CIDADE REPARTIDA III
Os donos da rua
Maurício Pássaro
Novembro/2013
O prefeito resolveu chamar as diversas vozes que representam o mais novo imbróglio da sua administração: o espaço. A cidade cresceu pra cima. As autoridades cantam de galo dizendo que o poder público está integrando a cidade, que sua presença é conforme o seu interesse com a coisa pública e o controle sobre ela. Não é bem isso. É que a cidade (o mundo) inchou tanto, que o poder público é obrigado a ocupar o seu espaço, levando placas que buscam dizer: “a Prefeitura está presente”.

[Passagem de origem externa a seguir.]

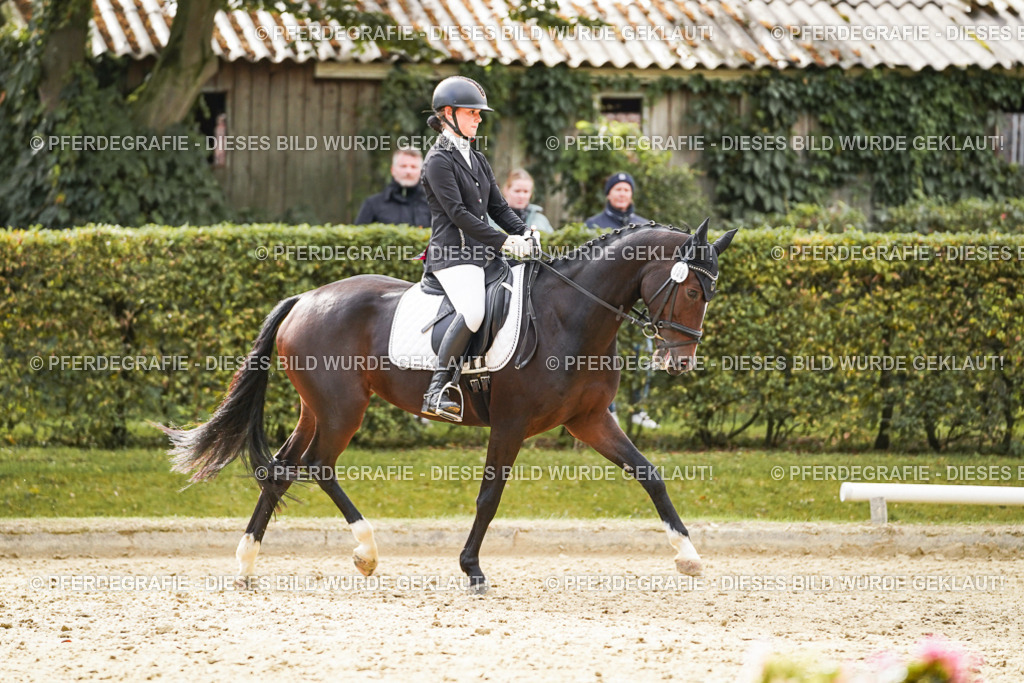 DSC00975 | Pferdegrafie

Onde havia casas ou os velhos casarões, no Rio, levantaram-se prédios. O céu ficou menor, e o dia passa mais rápido, pois o horizonte não doura mais na linha do mar ou das montanhas; o sol se põe num parapeito de edifício, no terraço acinzentado. As ruas não se multiplicaram na mesma proporção. Há quarenta anos, ou menos, era possível uma família viver “debaixo da ponte”. Hoje é muito mais difícil. É por isso que moradores de “encostas”, em bairros nobres, como o Leblon, estão sendo "descobertos" e enquadrados, a contragosto, em leis de uso do solo. Muitos desses se parecem com aqueles que recebem de herança um grande imóvel da parte rica da família: não teriam condição alguma de pagar o IPTU mais caro do país.
O governo ficou bonzinho? Não. A cidade ficou mais apertada, e os agentes públicos são obrigados a atualizar suas agendas de intervenção sobre ela, incluindo-se, óbvio, os reajustes de valores do metro quadrado. Como fica estranho cobrar IPTU de um morador de porão de ponte, foi mais acertado retirá-lo dali, coitado, ninguém merece. Muito menos o turista, de ver essa feiura estragando a estética da cidade maravilhosa.

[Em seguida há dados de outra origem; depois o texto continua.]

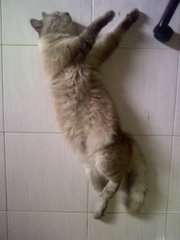 Chopper - Birman + Persian Cat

Aí, foram convocados vários representantes da sociedade civil que se utilizam do meio metro que restou no passeio público para os pedestres e os veículos que não poluem. Pedestres, ciclistas, skatistas, patinetistas... A reunião fora convocada para resolver o problema do espaço, especialmente o da calçada. O prefeito vinha adiando o encontro, até que um dia aconteceu o esperado: um acidente terrível, envolvendo skatista, ciclista, pedestre, adolescente de patins e fone de ouvido e, de sobra, um senhor de setenta e três anos que tentava se locomover num pula-pula (bola gigante, com alça, onde o passageiro se senta e pula). Tudo bem, era para fazer o neto rir, mas o problema é que fez o trânsito parar. Num raio de dezenas de quilômetros. Certa vez, um ciclista acertou em cheio um passageiro de ônibus que descia no ponto, na entrada da Rio-São Paulo, e o restante da cidade parou, engarrafando a Rio Branco, causando reflexos na zona sul e na zona oeste.
- Alguém aceita um copo de... refrigerante?

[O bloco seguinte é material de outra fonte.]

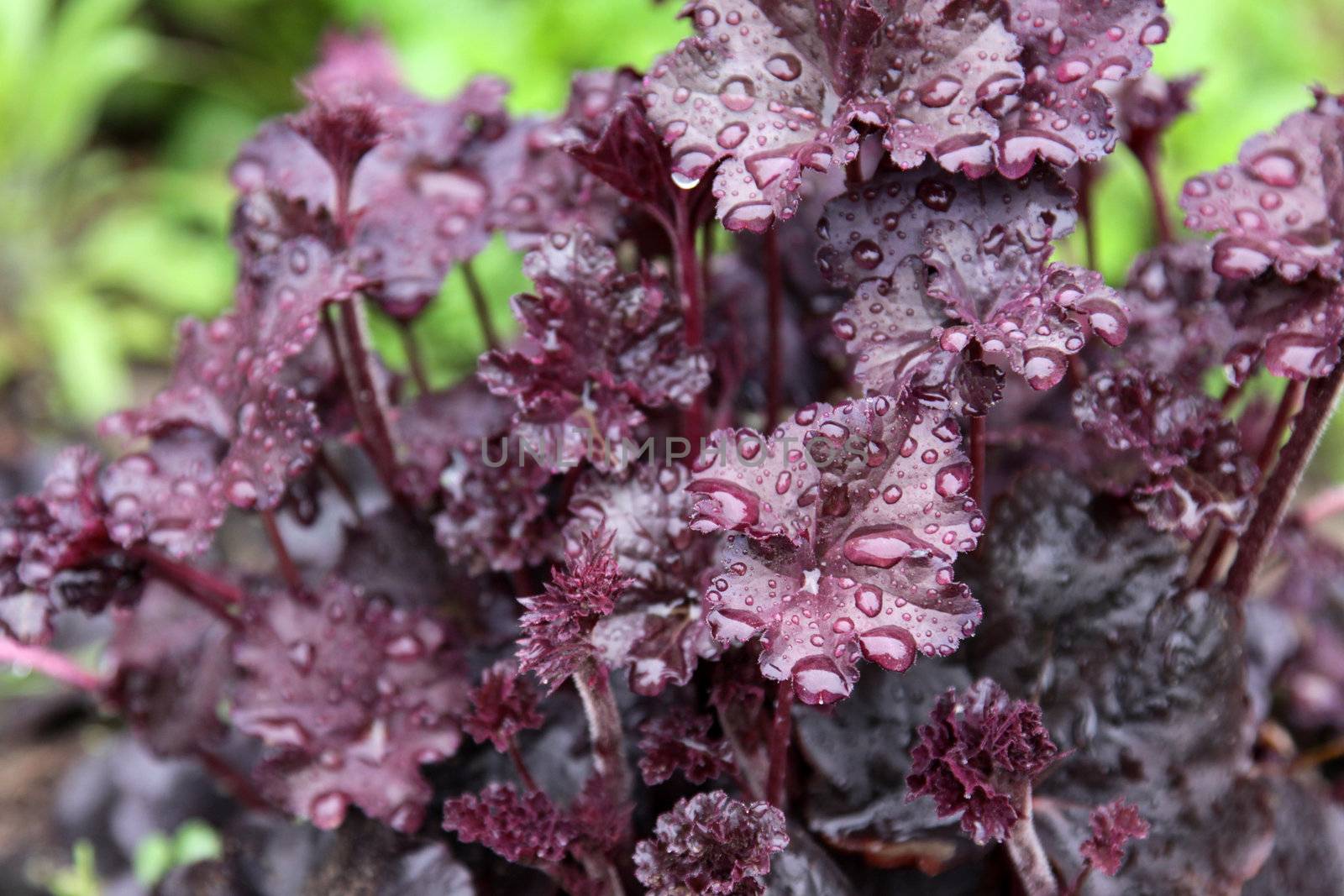 The wet leaves of an Obsidian Coral Bells (Heuchera) flower.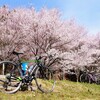 桜ガンガン咲いてる！ロードバイクが気持ちいい！！😍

- Só se for, tipo assim, diet. Né, gente?
Disse o ciclista ao prefeito. Os demais concordaram. A garota dos patins, com a sobrancelha tensionada, anunciou certo tom de indignação:
- Não tem água de coco?
- Oh! Querida – riu o prefeito – não é uma gracinha...? – olhando para os demais.
- Vou ter que falar com o meu advogado.
O prefeito tossiu e mudou a conversa, ajuntando uns papéis sobre a mesa. Reunião proveitosa exige um foco. Isso, um foco. E o foco era repartir o espaço que sobrou entre a rua - propriedade dos veículos motorizados - e as calçadas tomadas por estacionamento de veículos motorizados e pontos de táxi. Considerar também o avanço do comércio formal, a invasão do informal, mesas e cadeiras, onde os adultos estão a beber, onde não podem estar os proprietários dos veículos motorizados.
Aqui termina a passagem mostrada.